Quite a few missed the quiz question for this past week about the election's effect on newspaper circulation. It was mentioned briefly in an earlier blog post--here is a little more.
NEW YORK (AP) -- Newsstands from Seattle to New York quickly sold out of Wednesday's papers declaring Barack Obama the nation's first black president as some jubilant customers picked up two, three or even 30 copies as keepsakes.
Newspapers detailing Barack Obama's historic presidential win are being gobbled up as keepsakes.
The New York Times and the Chicago Tribune in Obama's hometown were among papers that restarted their printing presses to produce hundreds of thousands of additional copies across the country.
Entrepreneurs were seeking as much as $600 for the Times on eBay Wednesday.
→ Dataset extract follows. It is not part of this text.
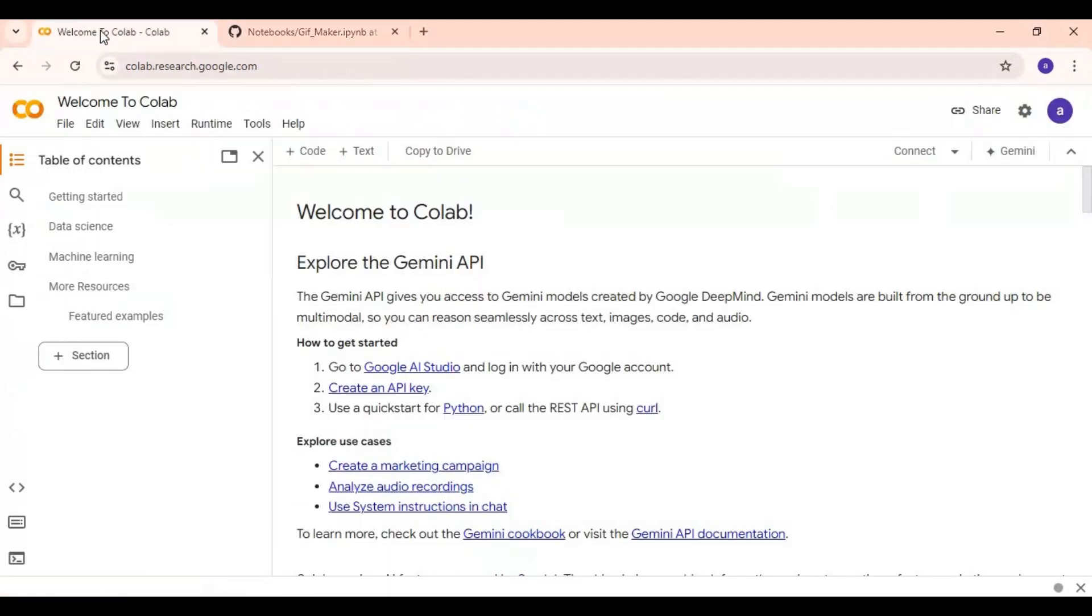After downloading it, go to Google Colab main page. Click on file and upload the notebook you downloaded.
"Own a piece of history," Walter Elliott said as he hawked 90 copies of The Sun from a Baltimore street corner.
Some papers devoted their entire front pages to a single photo of Obama -- in the San Francisco Chronicle's case, overlaid with "OBAMA" in enormous type and a snippet from his acceptance speech: "Change has come to America." USA Today declared, "America makes history."
The Plain Dealer in Cleveland, Ohio, offered high-quality reprints of the front page for $54.95. Below the headline "Change Has Come," a close-up of Obama covers three-fourths of the page.
John Penley, a white man who recalled drinking out of the "wrong" water fountain as a kid in North Carolina, searched New York's Lower East Side on Wednesday for papers to mark an event he never dreamed possible in his lifetime.
"There was one copy left at the bodega around the corner, and people were actually fighting for it," said Penley, a retired photojournalist. "I can't find a copy of any paper anywhere."
At New York's Port Authority bus terminal, Ralston Montaque grabbed 30 copies of the Times for family and friends.
"Everybody has to read (the news), brother," he said.
Say what you want about the Internet replacing printed newspapers, but saving a copy of a Web page on a disk isn't the same.
"What it really shows is there's a unique value to print," said Steve Hills, The Washington Post's president and general manager. "It's the ability to look at the whole thing and have a piece of history in your hands."
A newsstand in Evanston, Illinois, sold 100 copies of the Times in 10 minutes -- even as the major local papers, the Tribune and the Chicago Sun-Times, rushed to print hundreds of thousands of extra copies.